Numerical Analysis of Dental Caries Effect on the Biomechanical Behavior of the Periodontal System

[+] Author and Article Information
Ali Merdji

Laboratory of Mechanical Physical of Materials,
Department of Mechanical Engineering,
Sidi Bel Abbes University,
Sidi Bel Abbes 22000, Algeria;
Medical Engineering Research Group,
Faculty of Science and Technology,
Anglia Ruskin University Bishop Hall Lane,
Chelmsford, Essex CM1 1SQ, UK

Noureddine Della, Ali Benaissa

Faculty of Science and Technology,
Mascara University,
Mascara 29000, Algeria

Bel-Abbes Bachir Bouiadjra, Boualem Serier

Laboratory of Mechanical Physical of Materials,
Department of Mechanical Engineering,
Sidi Bel Abbes University,
Sidi Bel Abbes 22000, Algeria

Rajshree Mootanah

Medical Engineering Research Group,
Faculty of Science and Technology,
Anglia Ruskin University Bishop Hall Lane,
Chelmsford, Essex CM1 1SQ, UK

Iyad Muslih

Department of Mechanical and
Industrial Engineering,
Applied Science University,
Amman 11931, Jordan

Osama M. Mukdadi

Department of Mechanical and
Aerospace Engineering,
West Virginia University,
Morgantown, WV 26506;
Department of Mechanical Engineering,
Khalifa University of Science,
Technology and Research,
Abu Dhabi, United Arab Emirates
e-mail: sam.mukdadi@mail.wvu.edu

1Corresponding author.

Manuscript received August 16, 2015; final manuscript received January 20, 2016; published online March 17, 2016. Assoc. Editor: Charalabos Doumanidis.

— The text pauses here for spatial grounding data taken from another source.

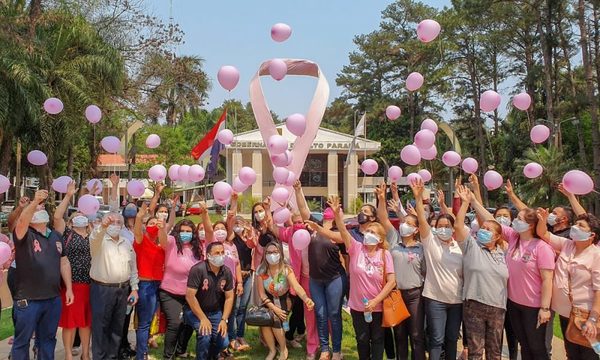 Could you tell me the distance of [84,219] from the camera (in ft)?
17.9

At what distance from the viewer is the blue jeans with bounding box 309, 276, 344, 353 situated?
575 centimetres

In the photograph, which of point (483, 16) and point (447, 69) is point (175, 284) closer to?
point (483, 16)

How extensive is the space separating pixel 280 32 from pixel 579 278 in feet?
14.8

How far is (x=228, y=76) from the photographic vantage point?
7.04 m

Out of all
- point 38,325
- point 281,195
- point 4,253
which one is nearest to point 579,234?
point 281,195

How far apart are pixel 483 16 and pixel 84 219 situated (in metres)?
26.3

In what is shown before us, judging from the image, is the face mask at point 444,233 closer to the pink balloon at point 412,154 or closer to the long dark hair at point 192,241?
the pink balloon at point 412,154

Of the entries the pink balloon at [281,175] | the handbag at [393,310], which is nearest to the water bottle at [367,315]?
the handbag at [393,310]

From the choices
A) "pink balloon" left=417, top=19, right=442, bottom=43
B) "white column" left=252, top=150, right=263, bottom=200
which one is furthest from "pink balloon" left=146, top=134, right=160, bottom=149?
"white column" left=252, top=150, right=263, bottom=200

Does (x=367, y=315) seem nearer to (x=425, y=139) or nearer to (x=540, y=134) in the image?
(x=425, y=139)

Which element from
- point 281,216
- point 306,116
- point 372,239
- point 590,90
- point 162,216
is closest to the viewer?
point 372,239

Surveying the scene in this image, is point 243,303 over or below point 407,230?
below

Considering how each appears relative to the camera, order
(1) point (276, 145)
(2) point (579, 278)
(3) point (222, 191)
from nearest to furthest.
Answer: (2) point (579, 278)
(3) point (222, 191)
(1) point (276, 145)

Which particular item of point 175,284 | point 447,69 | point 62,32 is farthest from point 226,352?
point 447,69
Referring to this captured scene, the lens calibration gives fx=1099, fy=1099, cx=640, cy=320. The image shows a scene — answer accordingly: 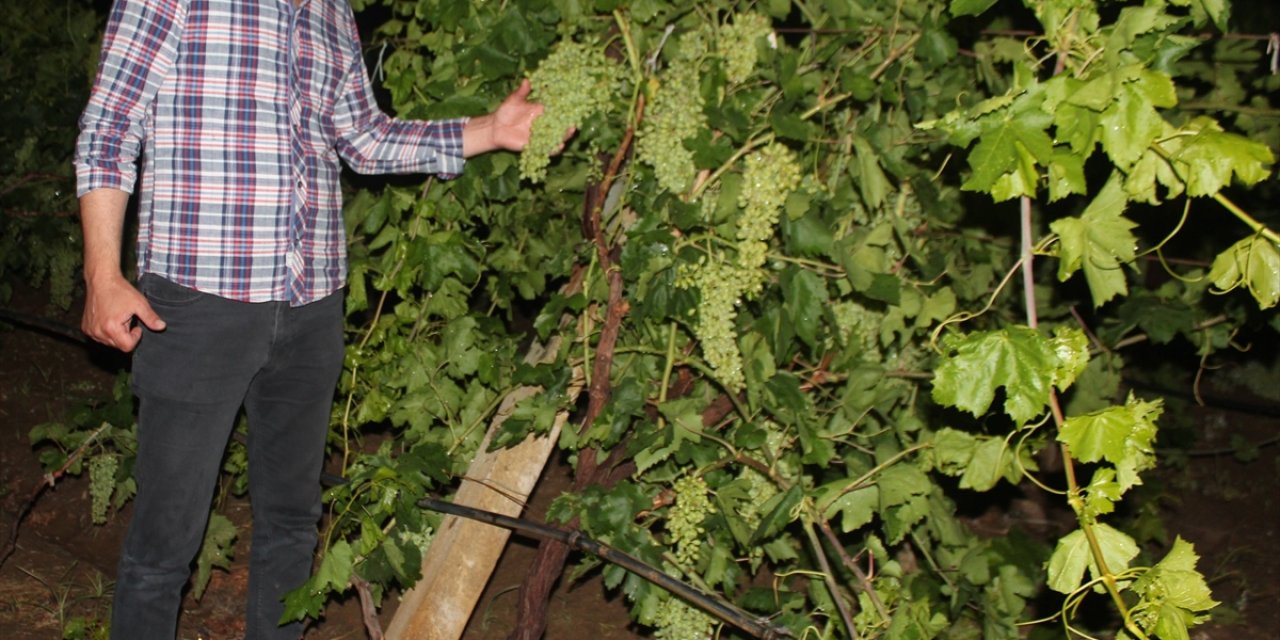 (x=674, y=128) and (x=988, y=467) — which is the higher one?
(x=674, y=128)

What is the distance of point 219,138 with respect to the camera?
7.88 ft

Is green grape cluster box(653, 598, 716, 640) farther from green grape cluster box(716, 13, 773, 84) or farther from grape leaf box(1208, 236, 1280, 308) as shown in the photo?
grape leaf box(1208, 236, 1280, 308)

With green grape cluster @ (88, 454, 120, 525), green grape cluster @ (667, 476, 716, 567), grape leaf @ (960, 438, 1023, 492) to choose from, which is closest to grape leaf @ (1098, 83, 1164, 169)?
grape leaf @ (960, 438, 1023, 492)

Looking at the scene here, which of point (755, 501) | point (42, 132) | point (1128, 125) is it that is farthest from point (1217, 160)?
point (42, 132)

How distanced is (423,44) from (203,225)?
2.95ft

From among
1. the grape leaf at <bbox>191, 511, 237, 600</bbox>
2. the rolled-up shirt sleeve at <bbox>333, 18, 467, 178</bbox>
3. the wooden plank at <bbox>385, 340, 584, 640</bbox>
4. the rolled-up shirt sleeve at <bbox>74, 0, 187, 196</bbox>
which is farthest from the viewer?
the grape leaf at <bbox>191, 511, 237, 600</bbox>

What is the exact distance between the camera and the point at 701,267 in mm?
2627

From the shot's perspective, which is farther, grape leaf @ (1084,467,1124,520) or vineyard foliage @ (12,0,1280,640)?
vineyard foliage @ (12,0,1280,640)

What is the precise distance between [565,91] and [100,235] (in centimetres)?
108

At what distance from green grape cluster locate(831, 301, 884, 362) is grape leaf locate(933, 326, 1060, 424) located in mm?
959

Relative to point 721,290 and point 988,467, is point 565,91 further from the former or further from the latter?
point 988,467

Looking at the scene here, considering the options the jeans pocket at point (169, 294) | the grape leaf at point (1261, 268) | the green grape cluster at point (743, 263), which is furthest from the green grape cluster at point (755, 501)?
the jeans pocket at point (169, 294)

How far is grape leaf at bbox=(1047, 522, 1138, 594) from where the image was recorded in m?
1.81

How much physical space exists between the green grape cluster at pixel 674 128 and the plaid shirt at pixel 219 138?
0.80 meters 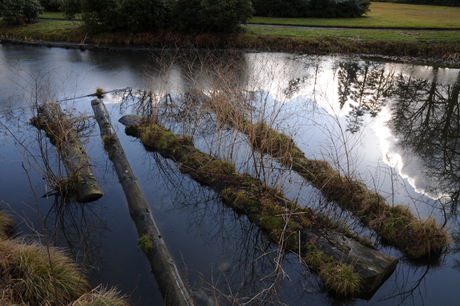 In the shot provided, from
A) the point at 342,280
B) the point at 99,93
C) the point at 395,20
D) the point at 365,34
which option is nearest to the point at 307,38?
the point at 365,34

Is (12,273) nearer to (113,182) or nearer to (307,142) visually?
(113,182)

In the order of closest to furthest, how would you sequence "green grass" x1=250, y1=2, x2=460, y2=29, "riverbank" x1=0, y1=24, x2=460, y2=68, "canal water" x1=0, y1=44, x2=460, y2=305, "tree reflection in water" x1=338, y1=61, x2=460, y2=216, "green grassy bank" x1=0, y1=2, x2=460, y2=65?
"canal water" x1=0, y1=44, x2=460, y2=305, "tree reflection in water" x1=338, y1=61, x2=460, y2=216, "riverbank" x1=0, y1=24, x2=460, y2=68, "green grassy bank" x1=0, y1=2, x2=460, y2=65, "green grass" x1=250, y1=2, x2=460, y2=29

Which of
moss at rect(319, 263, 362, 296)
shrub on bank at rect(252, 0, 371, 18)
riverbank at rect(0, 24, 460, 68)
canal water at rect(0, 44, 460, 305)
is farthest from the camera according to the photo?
shrub on bank at rect(252, 0, 371, 18)

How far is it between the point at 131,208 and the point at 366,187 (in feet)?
16.8

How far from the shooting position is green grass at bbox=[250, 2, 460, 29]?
78.9 feet

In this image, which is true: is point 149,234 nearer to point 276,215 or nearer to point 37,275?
point 37,275

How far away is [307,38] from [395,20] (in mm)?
9342

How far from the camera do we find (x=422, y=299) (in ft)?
18.0

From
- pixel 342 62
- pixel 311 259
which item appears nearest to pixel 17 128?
pixel 311 259

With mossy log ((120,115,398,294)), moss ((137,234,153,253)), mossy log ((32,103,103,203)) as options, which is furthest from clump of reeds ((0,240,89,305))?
mossy log ((120,115,398,294))

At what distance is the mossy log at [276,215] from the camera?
5.67 metres

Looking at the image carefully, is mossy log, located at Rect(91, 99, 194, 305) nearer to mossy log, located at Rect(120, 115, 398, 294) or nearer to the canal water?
the canal water

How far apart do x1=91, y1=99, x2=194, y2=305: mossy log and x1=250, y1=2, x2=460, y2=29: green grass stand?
19.7 metres

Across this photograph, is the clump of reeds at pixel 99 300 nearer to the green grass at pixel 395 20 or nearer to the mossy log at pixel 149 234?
the mossy log at pixel 149 234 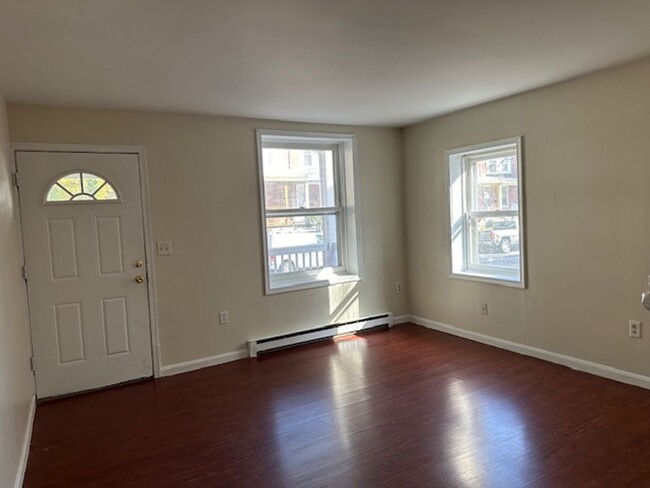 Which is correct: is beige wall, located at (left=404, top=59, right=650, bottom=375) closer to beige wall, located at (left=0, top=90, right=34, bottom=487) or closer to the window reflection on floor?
the window reflection on floor

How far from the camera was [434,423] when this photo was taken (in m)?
2.89

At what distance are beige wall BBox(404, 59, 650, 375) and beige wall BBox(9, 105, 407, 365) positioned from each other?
5.65ft

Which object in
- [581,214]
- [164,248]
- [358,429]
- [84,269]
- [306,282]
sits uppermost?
[581,214]

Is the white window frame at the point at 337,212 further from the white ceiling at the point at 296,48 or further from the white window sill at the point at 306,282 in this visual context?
the white ceiling at the point at 296,48

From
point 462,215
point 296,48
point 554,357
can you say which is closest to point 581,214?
point 554,357

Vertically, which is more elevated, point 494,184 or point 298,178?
point 298,178

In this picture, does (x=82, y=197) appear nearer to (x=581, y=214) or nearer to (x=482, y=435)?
(x=482, y=435)

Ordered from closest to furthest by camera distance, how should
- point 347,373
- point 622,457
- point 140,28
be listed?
point 140,28 < point 622,457 < point 347,373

J. Nanotechnol. Eng. Med 6(3), 031004 (Mar 17, 2016) (7 pages) Paper No: NANO-15-1066; doi: 10.1115/1.4032689 History: Received August 16, 2015; Revised January 20, 2016

The aim of this study was to investigate the effect of dental caries on the stability of the periodontal system. This study presents a numerical analysis performed with three-dimensional (3D) finite element (FE) method to evaluate stresses in the bone surrounding the tooth with dynamic mastication combined loadings. In this work, we present a comparative study on infected and healthy periodontal systems. The infected tooth was modeled and a caries defect was introduced to the tooth coronal part. The infected tooth was evaluated and equivalent von Mises interface stress values were obtained for comparison with the ones exhibited by the healthy tooth. Our results by 3D FE analysis indicated that maximum stresses occurred primarily at the cervical level of root and alveolar bone. In the cortical bone, the stress value was greater in infected system (21.641 MPa) than in healthy system (15.752 MPa), i.e., a 37.4% increase. However, in the trabecular bone we observed only 1.6% increase in the equivalent stress values for the infected tooth model. Stress concentration at the cervical level may cause abnormal bone remodeling or bone loss, resulting loss of tooth attachment or bone damage. Our findings showed that decayed single-rooted teeth are more vulnerable to apical root resorption than healthy teeth. The numerical method presented in this study not only can aid the elucidation of the biomechanics of teeth infected by caries but also can be implemented to investigate the effectiveness of new advanced restorative materials and protocols.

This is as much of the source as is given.